What needs to be done – In the material below, pictures must be dropped. Repeat exactly, and only, the lines from the line with "Geisha dressed in" to the line with "a bedroom with", both ends included.

Provided entries –

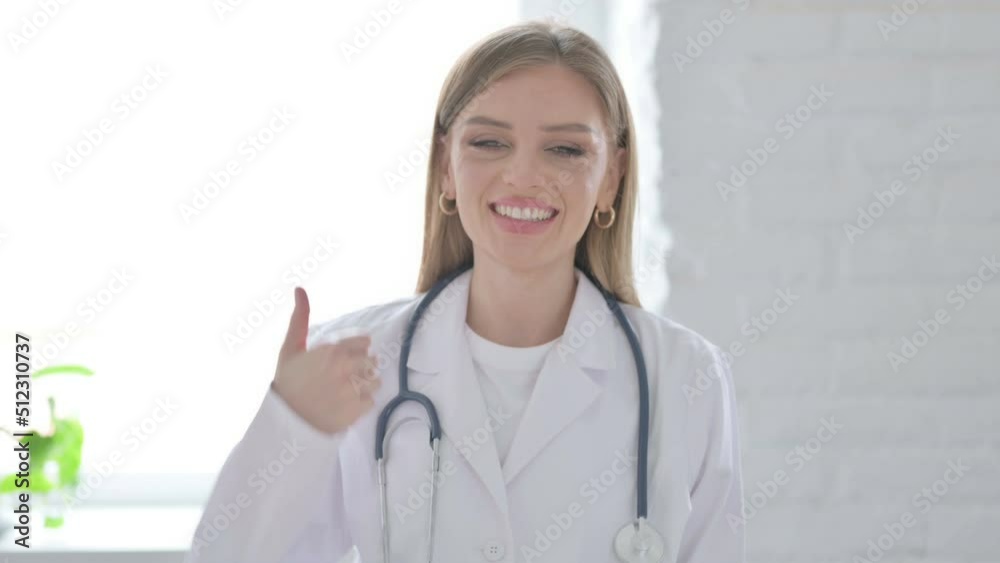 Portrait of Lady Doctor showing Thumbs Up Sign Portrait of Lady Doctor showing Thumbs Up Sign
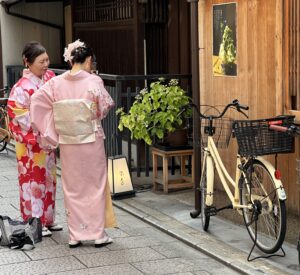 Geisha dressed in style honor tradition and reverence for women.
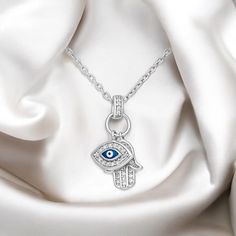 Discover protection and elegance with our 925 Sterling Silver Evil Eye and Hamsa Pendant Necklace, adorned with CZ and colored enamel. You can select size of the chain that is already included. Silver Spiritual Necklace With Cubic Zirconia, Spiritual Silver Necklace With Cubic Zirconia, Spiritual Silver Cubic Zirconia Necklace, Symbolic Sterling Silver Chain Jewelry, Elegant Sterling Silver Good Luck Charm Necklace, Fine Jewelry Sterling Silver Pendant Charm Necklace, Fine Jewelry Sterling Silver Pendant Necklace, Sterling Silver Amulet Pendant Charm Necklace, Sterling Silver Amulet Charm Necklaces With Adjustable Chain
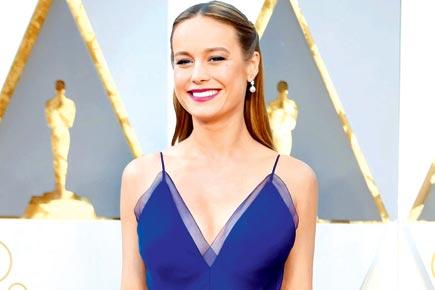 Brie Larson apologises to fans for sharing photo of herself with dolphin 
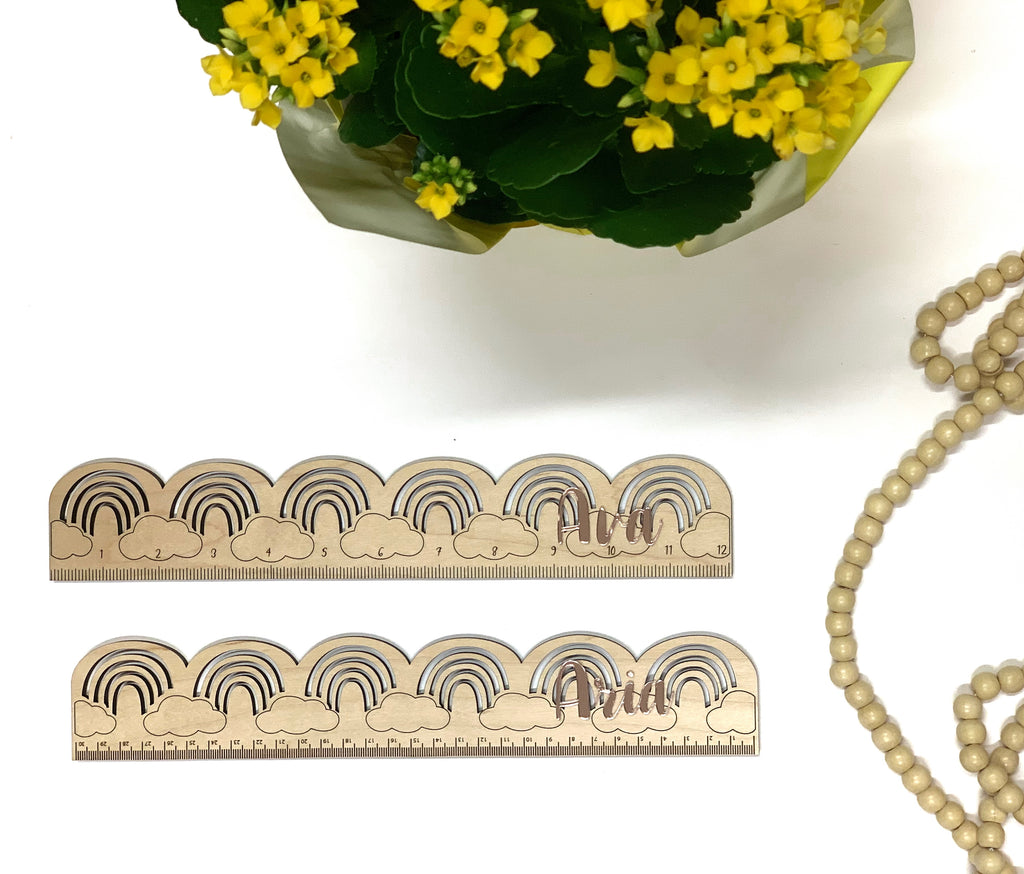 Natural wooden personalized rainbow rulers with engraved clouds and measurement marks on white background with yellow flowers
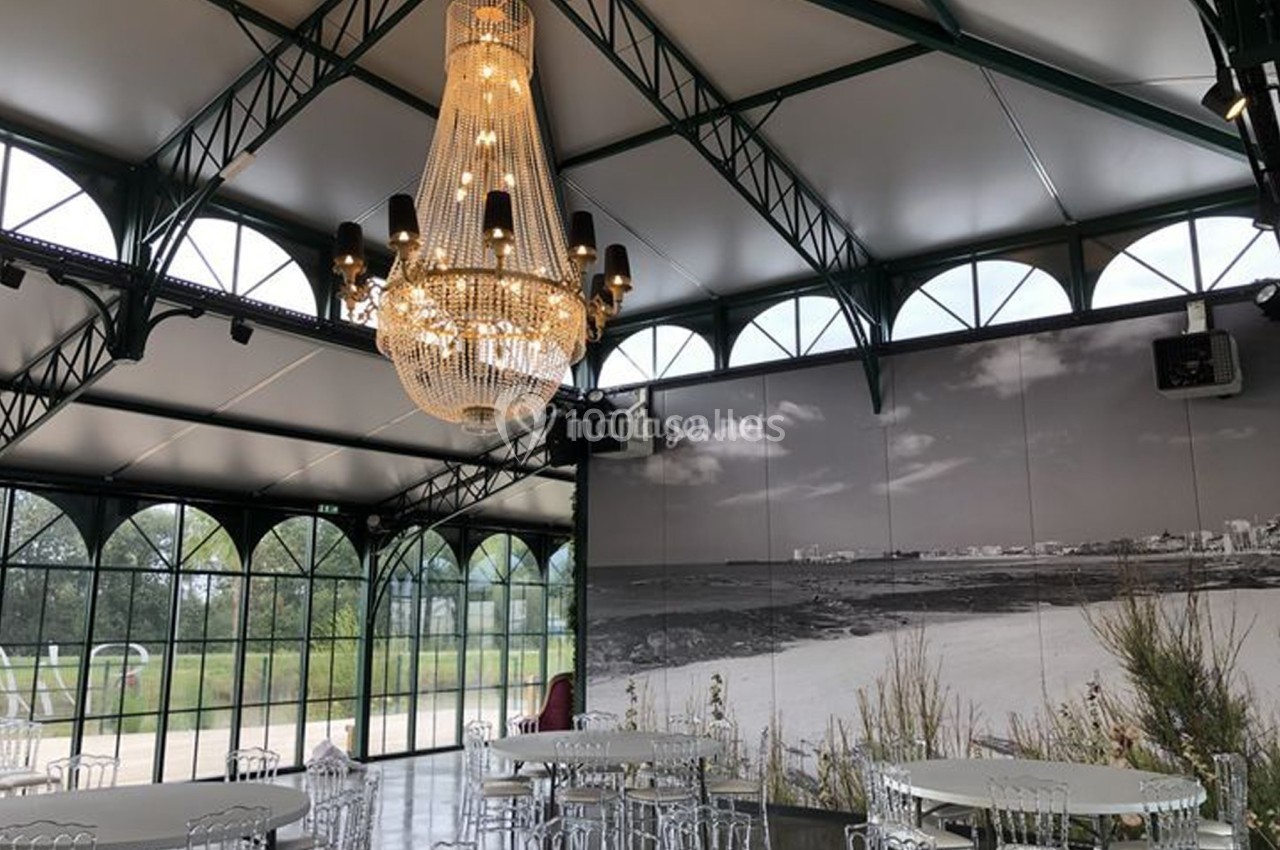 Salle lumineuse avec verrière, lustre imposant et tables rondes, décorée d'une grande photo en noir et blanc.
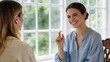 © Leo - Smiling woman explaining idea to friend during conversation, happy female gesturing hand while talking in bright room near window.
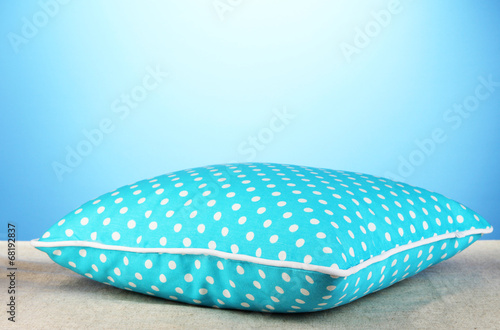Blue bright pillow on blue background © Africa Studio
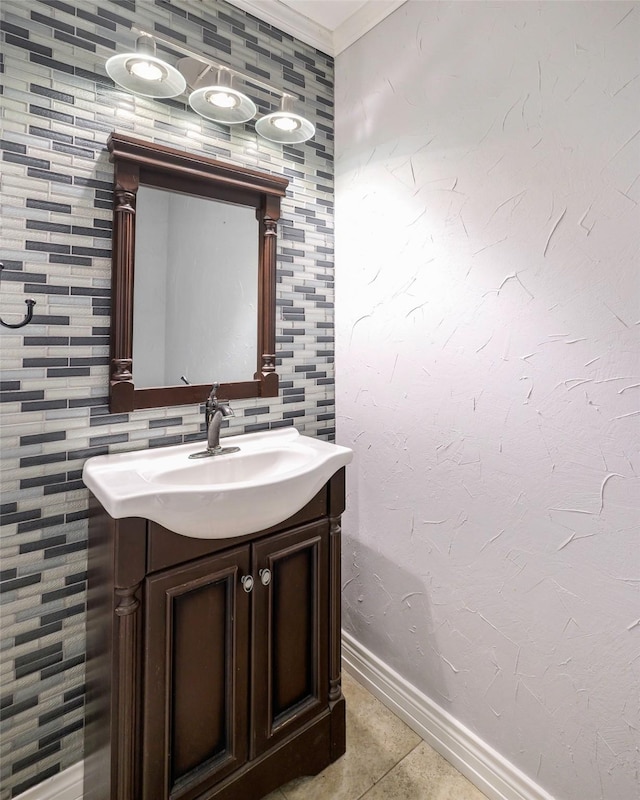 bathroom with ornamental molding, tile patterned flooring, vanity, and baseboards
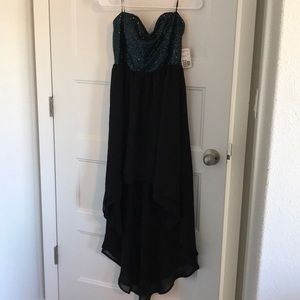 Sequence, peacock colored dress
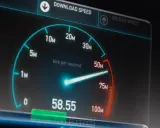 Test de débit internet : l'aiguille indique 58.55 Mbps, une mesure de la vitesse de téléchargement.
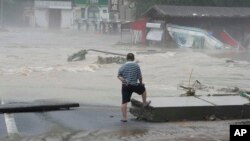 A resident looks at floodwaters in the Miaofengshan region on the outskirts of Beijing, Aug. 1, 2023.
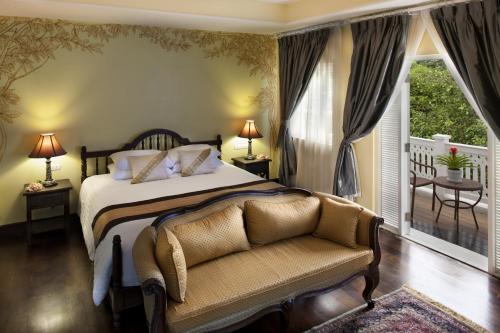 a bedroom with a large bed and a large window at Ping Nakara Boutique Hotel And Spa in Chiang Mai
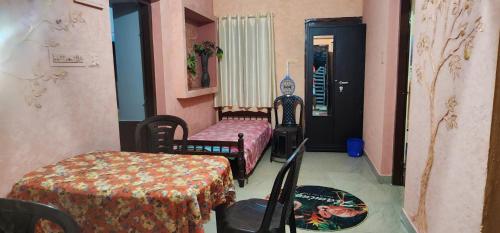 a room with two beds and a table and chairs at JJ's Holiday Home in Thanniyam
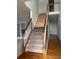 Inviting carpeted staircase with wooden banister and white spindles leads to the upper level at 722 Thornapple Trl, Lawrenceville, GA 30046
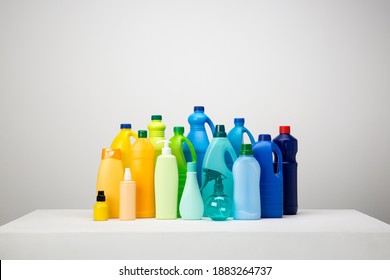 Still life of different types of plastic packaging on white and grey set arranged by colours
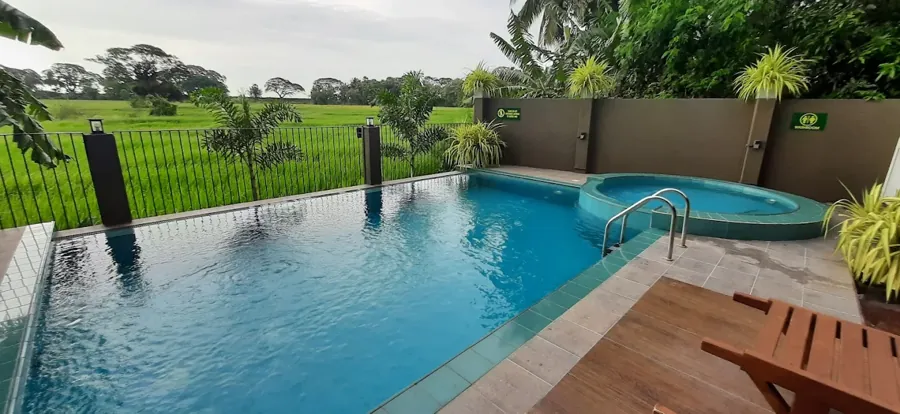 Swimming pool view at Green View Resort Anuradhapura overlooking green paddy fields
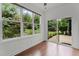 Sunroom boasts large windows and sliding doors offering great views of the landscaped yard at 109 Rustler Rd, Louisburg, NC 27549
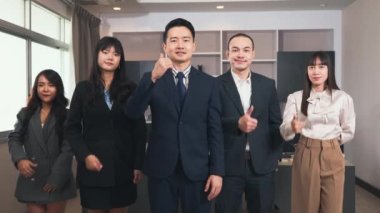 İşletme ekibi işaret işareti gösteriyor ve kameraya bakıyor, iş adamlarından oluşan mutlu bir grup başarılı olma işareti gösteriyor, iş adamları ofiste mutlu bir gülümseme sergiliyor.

Answer for the task –
 Geisha dressed in style honor tradition and reverence for women.
 Discover protection and elegance with our 925 Sterling Silver Evil Eye and Hamsa Pendant Necklace, adorned with CZ and colored enamel. You can select size of the chain that is already included. Silver Spiritual Necklace With Cubic Zirconia, Spiritual Silver Necklace With Cubic Zirconia, Spiritual Silver Cubic Zirconia Necklace, Symbolic Sterling Silver Chain Jewelry, Elegant Sterling Silver Good Luck Charm Necklace, Fine Jewelry Sterling Silver Pendant Charm Necklace, Fine Jewelry Sterling Silver Pendant Necklace, Sterling Silver Amulet Pendant Charm Necklace, Sterling Silver Amulet Charm Necklaces With Adjustable Chain
 Brie Larson apologises to fans for sharing photo of herself with dolphin 
 Natural wooden personalized rainbow rulers with engraved clouds and measurement marks on white background with yellow flowers
 Salle lumineuse avec verrière, lustre imposant et tables rondes, décorée d'une grande photo en noir et blanc.
 © Leo - Smiling woman explaining idea to friend during conversation, happy female gesturing hand while talking in bright room near window.
Blue bright pillow on blue background © Africa Studio
 bathroom with ornamental molding, tile patterned flooring, vanity, and baseboards
 Sequence, peacock colored dress
 Test de débit internet : l'aiguille indique 58.55 Mbps, une mesure de la vitesse de téléchargement.
 A resident looks at floodwaters in the Miaofengshan region on the outskirts of Beijing, Aug. 1, 2023.
 a bedroom with a large bed and a large window at Ping Nakara Boutique Hotel And Spa in Chiang Mai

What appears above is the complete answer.